Recently I read a, well, interesting post on the questionable practice of pastors doing altar calls at the end of church services. As long as I can remember, as a Baptist, that almost every single church service has ended in an altar call or an invitation to respond to the Good News. Even when I identified as a 4 point Calvinist, this practice I never really questioned this ritual.
One of the “dangers” critics say that Altar Calls can cause an “easy beliefism,” that a person believes in Jesus after the invite, but then goes on with their life living unsaved. And the other scarecrow I often read or hear about is the manipulation of human emotions. I am very well aware of the latter. Once at a Christian rock concert, I saw people’s feelings being misused as this huge guilt moment without any talk of hope, sanctification or resurrection. I was a little distraught and let my friends know how I felt.

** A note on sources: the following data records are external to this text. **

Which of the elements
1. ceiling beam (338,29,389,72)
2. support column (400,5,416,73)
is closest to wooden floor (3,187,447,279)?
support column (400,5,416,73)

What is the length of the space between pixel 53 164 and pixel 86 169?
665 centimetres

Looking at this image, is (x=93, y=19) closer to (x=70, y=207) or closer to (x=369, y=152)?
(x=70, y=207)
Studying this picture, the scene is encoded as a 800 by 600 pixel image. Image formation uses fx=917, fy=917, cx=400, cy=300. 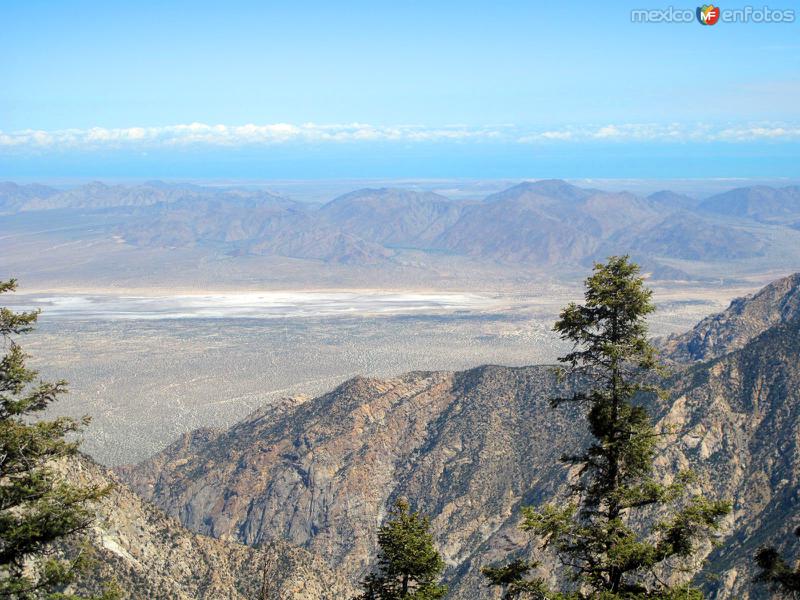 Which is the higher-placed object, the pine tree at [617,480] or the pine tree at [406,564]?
the pine tree at [617,480]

However, myself being familiar with conservative Reformed concern-trolling about human emotion, there is another way of looking at emotions and manipulation. What about people who argue from the standpoint of fear about people’s emotions getting out of control? From Jonathan Edwards to Reformed cessationists like John MacArthur, the cases against revival-oriented/ Charismatic Christian traditions depend on this very fear of human emotion, something that is natural, something that is neutral in Scripture. David is praised for his passionate worship. Anger is only condemned if persons let it control them. God Himself cries with Mary and Martha. This denial of human subjectivity by feigning “objectivity,” “freedom from bias” is just another way of policing people’s various expressions of worship.
The term “biblical”when it used, as I have argued before really just means that a teaching or practice aligns with that person’s and her community’s INTERPRETATION of Scripture. As for myself, I could easily argue that my own affinity for the Nicene and Chalcedon Creeds are not strictly “biblical” just as any other tradition. With a tradition that regularly dismisses the implications of Jesus’ teaching ministry, his calls for repentance [inviitations], for example, it’s no wonder that members of the conservative Reformed tradition find the notion of an altar call disagreeable.